The two losses to the Angels hurt and hurt the Yankees’ division chances. But it wasn’t like those losses were the only ones that hurt. All 56 losses to this point have hurt with several of them coming in the final innings of games in which the Yankees led. For as good as the Yankees have been since their 5-10 start (72-46), since the second game of the July 4 doubleheader (36-15), since the All-Star break (31-13) and since the trade deadline (24-8), the Rays have been even better. When you have 31-13 run team, which includes a 13-game winning streak, you’re supposed to do serious damage in the standings. The Yankees did so in terms of the wild-card standings, but in the division, they actually lost ground on the Rays, who have gone 31-12. That’s ridiculous.
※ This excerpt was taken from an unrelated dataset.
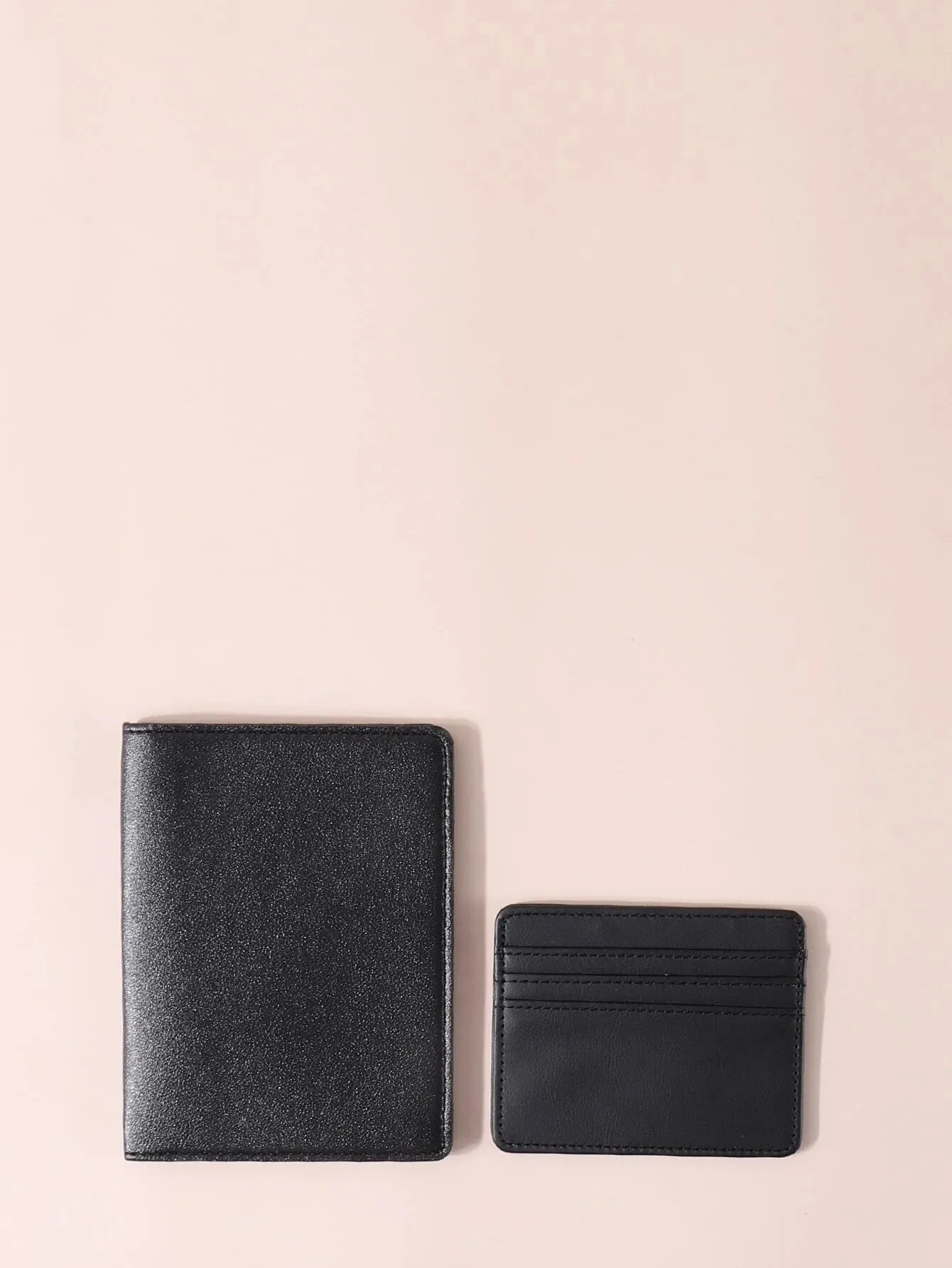 Shein Minimalist Passport Case With Card Holder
2. So now the Yankees look destined for the one-game, wild-card playoff for the third time in the last four seasons in which it was held, and the fourth time in the last six seasons in which it was held. The five-team postseason format has hurt the Yankees more than any other team. In 2015, the Yankees would have advanced to the ALDS in the old, four-team format. Instead, they lost to Dallas Keuchel and the Astros 3-0 at Yankee Stadium. In 2016, the Yankees nearly didn’t trade away Andrew Miller, Aroldis Chapman, Carlos Beltran and Ivan Nova because ownership wanted to hold on for the possibility of winning the second wild-card berth. In 2017 and 2018, the Yankees would have advanced to the ALDS in the old format, and the same will be true in 2021.

The Yankees have the best possible starting pitcher for the one-game playoff in 2021 in Gerrit Cole. Outside of Jacob deGrom, he’s the best pitcher in baseball. But it’s still one game, in which anything can happen, and any player, pitcher or team could have the best or worst game or day imaginable. Look at the starting pitchers who have shut down the Yankees in a single game this season: Matt Harvey, Michael Wacha, Jordan Lyles and Paul Blackburn, among many others. All fringe major leaguers who the Yankees couldn’t muster (Aaron Boone buzz word) any offense against. Cole could have the kind of unbelievable start he had on Wednesday night in Anaheim (7 IP, 4 H, 1 R ,1 ER, 0 BB, 15 K), and the Yankees could still lose because it’s ONE GAME. “One-game playoff” is the scariest phrase in baseball, and having gone through three others already in the last five years, I’m speaking from experience. It’s a horrible, miserable, nail-biting event that excites for everyone other than the team and the fans of the team who earned the first wild-card berth.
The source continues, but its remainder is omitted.